Моя жизнь — страница 24 из 26

В столице Франции Шагал, как и на родине, недолго учился в обычном смысле – посещая свободные академии «Гранд Шомьер» и «Ла Палетт». Настоящей «академией» станут для него Лувр и Люксембургский музей, салоны и частные галереи, а также улицы великого города, освещенные неповторимым «светом-свободой». Шагал живет в знаменитом «Улье» на Монпарнасе, дружит с поэтами. Увидев его произведения, Аполлинер произносит слово, из которого впоследствии произведет новый искусствоведческий термин – «сюрреализм», – и пишет в честь Шагала стихотворение. Стихи посвящает ему и недавно вернувшийся из странствий по России Блэз Сандрар. Произведения Шагала названы в них «плодами исступления», а сам он предстает готовым «каждый день совершить самоубийство»[47].

Сходные впечатления вынес в те годы из контактов с Шагалом искусствовед А. Ромм. В своих неопубликованных воспоминаниях он пишет, что его особенно поразила способность художника удивляться обычным вещам, как будто он «только что воплотился».

В Париже Шагал испытал, по его выражению, «революцию видения» (или «революцию глаза»), суть которой состояла в том, что он научился мыслить более автономно от натурного мотива, свободно высказываться о мире, используя язык пластики, цвета и света, который обретал в его работах всю силу своей выразительности. В живописи Шагала тех лет ощутимы влияния фовизма, кубизма и кубофутуристического стиля Р. Делоне и близких ему художников, который Аполлинер окрестил орфизмом (в силу его «музыкальности» и потому, что в нем, как в античном орфизме, сочетались организующее – «аполлоническое» и стихийное – «дионисийское» начала). Позже образ Орфея будет не раз возникать в работах Шагала как олицетворение способности художника проникать в процессе творчества в глубины подсознания, верности в любви и потребности оглядываться назад – в прошлое.

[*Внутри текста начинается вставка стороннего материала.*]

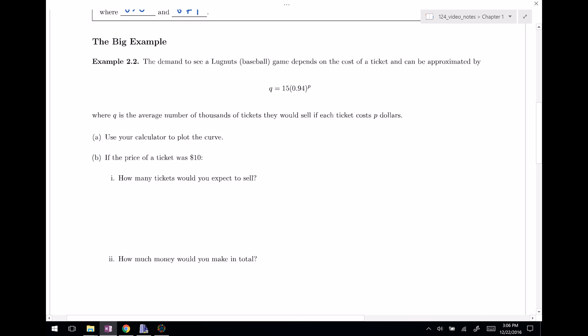So Q, as I have here, is the average number of thousands of tickets they would sell if each ticket cost P dollars. Q is the dependent variable — the number of thousands of tickets sold — and P is the independent variable, the cost of the ticket.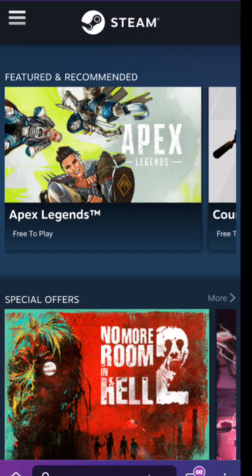Thanks to Steam Proton and Lutris, you can play tons of Windows games on Linux Mint. Just enable Proton in Steam, install your games, and many work flawlessly. Plus, with AMD and NVIDIA driver support, performance is solid for casual and even some AAA titles.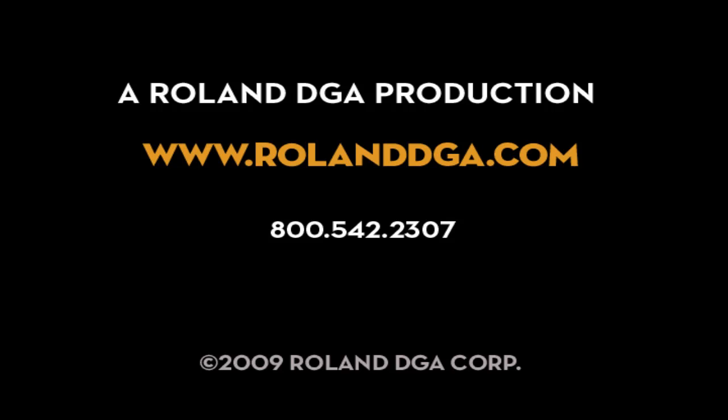This concludes our tutorial. For more information on this and other Roland products, please visit www.rolanddga.com.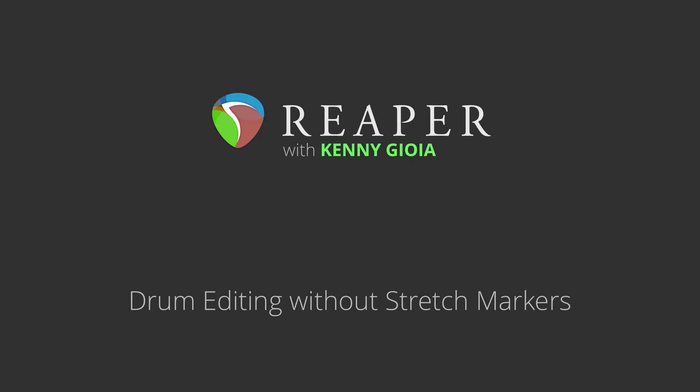Hi, I'm Kenny Gioia. Welcome to another one of my tutorials. In this video, I'm going to show you how to edit drums without using stretch markers in Reaper.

Однако, соприкасаясь со всеми направлениями, Шагал оставался в искусстве авангарда резко обособленным. Он был не похож на других не только кругом образов, почти не выходивших за пределы Витебска, но также варварской экспрессией стиля, «сумасшедшим», по собственному определению, цветом, пониманием искусства как, в первую очередь, «выражения состояния души». В отличие от фовистов, Шагал не создавал образы, в которых время спрессовывалось в мгновение, а показывал развернутую во времени картину мира. От кубистов он отличался тем, что, стремясь к образным обобщениям, не собирался жертвовать для них предметностью бытия. Как писал Сандрар, «он корову берет – и коровой рисует, церковь берет – и ею рисует». В произведениях тех лет реальность представала многоплановой, дискретной и единой, от микрочастиц до звезд, и при этом сохраняющей в своей материальности духовную первооснову. Каждое изображение являлось и проекцией души, и моделью космоса, где верх и низ относительны, постоянно меняются местами. Но может быть, главное отличие Шагала от других мастеров «парижской школы» заключалось в глубинной религиозной направленности творчества. Своей задачей он считал демонстрацию чуда, скрытого за привычным распорядком вещей, и, выполняя эту задачу, нарушал порядок и взрывал устоявшуюся поверхность явлений. К миссии художника относился с глубокой серьезностью, рассматривая его как «посланца», при этом не просто приносящего на землю весть о небе, а усматривающего ее в самих земных вещах. Отсюда – приземленность и одновременно экстатичность персонажей, контрастность цветовых и световых отношений, взрывчатость, асимметричность и центробежность композиционных построений. В работах 1910-х годов, как и в последующих, диагональные композиции подчеркивают стремительность движения, горизонтальные воплощают идею перемещения не только в пространстве, но и во времени, а вертикальные – схождения и восхождения, связи чувственного и сверхчувственного (недаром один из любимых образов позднего Шагала – лестница Иакова).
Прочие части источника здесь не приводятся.